Definition:Principal Ideal of Ring

Definition

Let $\struct {R, +, \circ}$ be a ring with unity.

Let $a \in R$.

We define:

$\ideal a = \ds \set {\sum_{i \mathop = 1}^n r_i \circ a \circ s_i: n \in \N, r_i, s_i \in R}$

The ideal $\ideal a$ is called the principal ideal of $R$ generated by $a$.

Notation

From Principal Ideal of Commutative Ring the notions of principal left ideal, principal right ideal and principal ideal coincide.

So often, in some sources, a principal ideal of a commutative ring with unity is denoted as $aR$.

This is done most often in the case where it is important to identify the ring that the principal ideal belongs to.

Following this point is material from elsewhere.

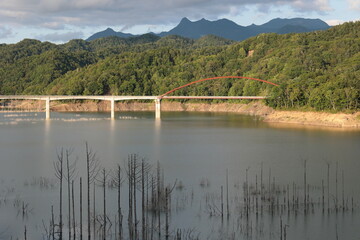 8月末の夕刻に訪れたシューパロ湖の様子と、遠くに雄々しくそびえる夕張岳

The notation $aR$ is often used when the ring $R$ in question is the integers $\Z$ or the $p$-adic integers $\Z_p$. So it is common for $n\Z$ to denote the principal ideal of $\Z$ generated by $n$ and $p^k\Z_p$ to denote the principal ideal of $\Z_p$ generated by $p^k$.

Also see

• Principal Ideal is Ideal: $\ideal a$ is a principal ideal if $\gen a$ is the ideal generated by $a$.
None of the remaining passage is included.